**What is needed**
At the line containing "Platinum Round Natural", begin retyping, and continue word for word until the records below run out.

**Information given**
------------------------

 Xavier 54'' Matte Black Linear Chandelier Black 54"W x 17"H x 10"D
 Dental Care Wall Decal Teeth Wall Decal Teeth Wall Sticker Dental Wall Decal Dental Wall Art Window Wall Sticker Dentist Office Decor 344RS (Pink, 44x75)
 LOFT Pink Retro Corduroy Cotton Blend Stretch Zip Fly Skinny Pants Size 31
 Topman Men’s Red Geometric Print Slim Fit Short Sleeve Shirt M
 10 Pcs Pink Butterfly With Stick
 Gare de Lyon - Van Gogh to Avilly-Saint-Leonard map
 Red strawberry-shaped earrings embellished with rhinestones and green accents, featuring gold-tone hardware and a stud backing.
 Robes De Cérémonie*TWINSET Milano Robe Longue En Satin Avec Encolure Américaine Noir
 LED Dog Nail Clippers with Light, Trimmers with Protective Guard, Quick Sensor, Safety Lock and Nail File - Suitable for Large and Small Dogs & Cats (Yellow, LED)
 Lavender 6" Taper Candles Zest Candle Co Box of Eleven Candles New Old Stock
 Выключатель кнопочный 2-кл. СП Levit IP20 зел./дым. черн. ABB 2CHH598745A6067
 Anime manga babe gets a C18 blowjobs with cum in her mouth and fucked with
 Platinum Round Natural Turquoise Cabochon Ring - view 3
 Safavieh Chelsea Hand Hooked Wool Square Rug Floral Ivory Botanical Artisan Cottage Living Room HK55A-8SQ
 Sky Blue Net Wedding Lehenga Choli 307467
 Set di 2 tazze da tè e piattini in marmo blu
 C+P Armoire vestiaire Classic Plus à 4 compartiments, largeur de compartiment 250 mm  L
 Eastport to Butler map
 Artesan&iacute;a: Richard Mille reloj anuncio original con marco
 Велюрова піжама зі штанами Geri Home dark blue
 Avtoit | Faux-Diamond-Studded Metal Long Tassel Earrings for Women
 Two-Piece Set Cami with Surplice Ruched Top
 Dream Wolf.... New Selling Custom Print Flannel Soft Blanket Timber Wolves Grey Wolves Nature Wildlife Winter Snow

------------------------

**Solution for this exercise**
 Platinum Round Natural Turquoise Cabochon Ring - view 3
 Safavieh Chelsea Hand Hooked Wool Square Rug Floral Ivory Botanical Artisan Cottage Living Room HK55A-8SQ
 Sky Blue Net Wedding Lehenga Choli 307467
 Set di 2 tazze da tè e piattini in marmo blu
 C+P Armoire vestiaire Classic Plus à 4 compartiments, largeur de compartiment 250 mm  L
 Eastport to Butler map
 Artesan&iacute;a: Richard Mille reloj anuncio original con marco
 Велюрова піжама зі штанами Geri Home dark blue
 Avtoit | Faux-Diamond-Studded Metal Long Tassel Earrings for Women
 Two-Piece Set Cami with Surplice Ruched Top
 Dream Wolf.... New Selling Custom Print Flannel Soft Blanket Timber Wolves Grey Wolves Nature Wildlife Winter Snow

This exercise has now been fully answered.